Friday, 29 September 2023

Re: SRU requirement to fix post-LTS stable releases

On Thu, Jan 20, 2022 at 07:10:53PM +0000, Robie Basak wrote:
> On Wed, Jun 16, 2021 at 02:11:36PM +0100, Robie Basak wrote:
> > Imagine you land a bugfix in an SRU to Focal today, but leave out
> > Impish even though it is also affected. A user who subsequently
> > installs Focal, benefits from the bugfix, and then upgrades to Impish
> > will be regressed. Is this acceptable?

[...]

> If a bug is being fixed in a particular stable release, we would like
> for all subsequent releases that are still supported to also be fixed at
> the same time. This is to prevent a user from facing a regression when
> they upgrade to a newer release.

Recently the SRU team has reviewed some uploads where the SRU is for the
purpose of hardware enablement, but the uploaders are enabling Jammy and
have not considered Lunar.

In the previous discussion I had been thinking generally about bugfixes
and not about hardware enablement.

For hardware enablement purposes, the situation would be worse. A user
might install the LTS on which their hardware works, then do a release
upgrade to a newer interim release and fail to boot. This is much more
severe compared to the reappearance of a typical SRU'd bugfix.
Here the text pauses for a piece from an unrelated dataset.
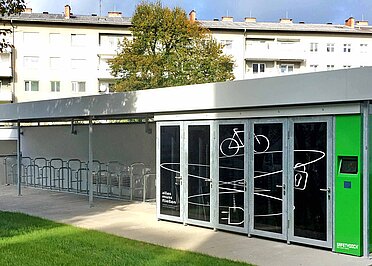 Parken. Leihen. Laden. Alles vereint.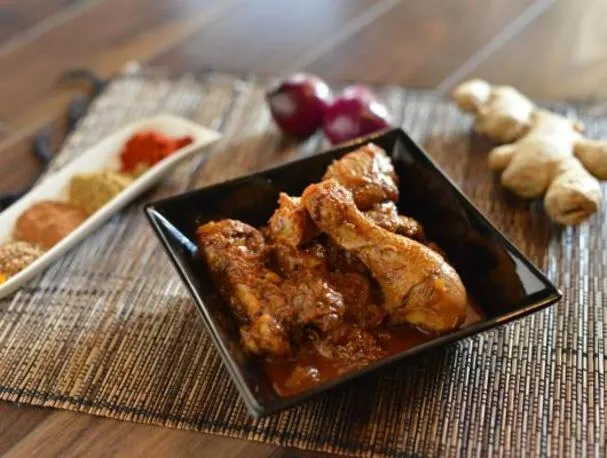 Pollo al curry indio - Estilo rústico y de pueblo (receta de la abuela)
AIUI, HWE kernels don't have this issue because they are always
backported from newer releases and the timing means that an interim
release that doesn't have support for some hardware will have EOLed
before the LTS hardware enablement from a subsequent release happens.

Currently the documented policy doesn't discuss the hardware enablement
case because I don't think it occurred to anyone that this needs to be
considered separately.

Consensus amongst the SRU team is that for hardware enablement purposes,
fixing subsequent interim releases first (or at the same time) needs to
be mandatory to prevent a serious regression on release upgrade. This
seems to have always been the position, but it wasn't explicitly
documented. As always we can consider exceptional cases, but our
baseline policy should define this as a requirement.

I will document this now, but raise it here so that if Ubuntu developers
disagree then you have the opportunity to object.